Ich meine, dass dieses Versagen auf einen grundlegenden Mangel in unserer Erziehung und der von ihr beeinflussten Denkweise zurückzuführen ist, unter der wir alle leiden: Schüler werden nicht zukunftsfähig gemacht. Es wird ihnen nicht beigebracht, die Folgen gegenwärtiger Entscheidungen und kurzatmigen Handelns durchzuspielen. Sie werden nicht instande gesetzt, viele verschiedenartige Möglichkeiten zu bedenken und mit Hilfe einer aktiven Phantasie zu entwickeln. Es wäre daher von größter Wichtigkeit, in einer grundlegenden Reform der Schul- und Erwachsenenbildung Persönlichkeiten heranzubilden, die nicht in Jahren, sondern in Jahrzehnten denken können. Im „Zukunftsunterricht“, der neben den Geschichtsunterricht treten sollte, müssten sowohl die dunklen wie die hellen Möglichkeiten dargestellt und debattiert werden, müsste z. B. an Hand von irrtümlichen Zukunftsvorstellungen vergangener Zeiten überlegt werden, wie solche Fehler vermieden werden könnten, sollten die Wirkungen „sich selbst erfüllender Prognosen“ studiert werden, müsste vor allem deutlich gemacht werden, dass es keine „sichere Zukunft“ geben kann und der konstruktive Umgang mit überraschenden Herausforderungen daher zum geistigen Rüstzeug möglichst vieler Menschen an dieser Jahrtausendwende gehören sollte.
Es ist wichtig, dass „Zukunftsfähigkeit" nicht das Privileg weniger, besonders begabter Menschen bleibt – eben der großen Anreger und möglichen Verführer –, sondern in der Bevölkerung eine breite Grundlage erhält, damit Irrtümer und Fehlspekulationen der „großen Männer“ rechtzeitig erkannt und korrigiert werden können.

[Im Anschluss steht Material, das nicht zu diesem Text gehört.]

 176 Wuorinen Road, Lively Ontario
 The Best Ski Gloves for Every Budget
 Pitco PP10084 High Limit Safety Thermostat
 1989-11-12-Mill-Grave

Vielleicht wäre es eine neue Aufgabe der Frauenbewegung, eine solche Entwicklungstendenz besonders zu fördern, denn die größere weibliche Sensibilität prädestiniert das „andere Geschlecht“ zu einer neuen zukunftsweisenden und zukunftserhaltenden Rolle. In einer hochinteressanten Studie, die im Spätfrühjahr 1992 der Öffentlichkeit zugänglich gemacht werden soll, versucht der Amerikaner Robert Kenny in Zusammenarbeit mit dem „International Center for Integrative Studies“ (121 Avenue of the Americas, New York City) die These zu begründen, dass zukunftsbewusste Gruppen – also nicht länger nur hervorragende Einzelne – entscheidende Einflüsse auf das Schicksal der Menschheit ausüben können. Ausgehend von den Arbeiten des Neurophysiologen Pribram, des Physikers David Bohm und des englischen Psychologen Rupert Sheldrake wirft er die Frage auf, ob es ein fortgeschrittenes Gruppenbewusstsein geben könnte, und wie sich die Existenz eines solchen erweiterten Bewusstseins auf das Verstehen der Menschen untereinander, den Erfolg gemeinsamer Zielsetzungen, die Entwicklung von Gemeinschaften sich gegenseitig verstärkender Persönlichkeiten auswirken könnte.
Ich habe in den letzten Jahren immer öfter die Meinung gehört, dass bereits jetzt über die ganze Erde verstreut ein lockeres „Netz von Lebensrettern“ am Werke sei, das die Krise unserer Zivilisation für den „Aufstieg zu einer neuen Zivilisation“ nutzt. Eine solche Hypothese klingt nicht unwahrscheinlich. Je mehr „zukunftsfähige Persönlichkeiten“ Einfluss gewinnen, desto begründeter erscheint die Hoffnung, dass wir noch einmal davonkommen werden.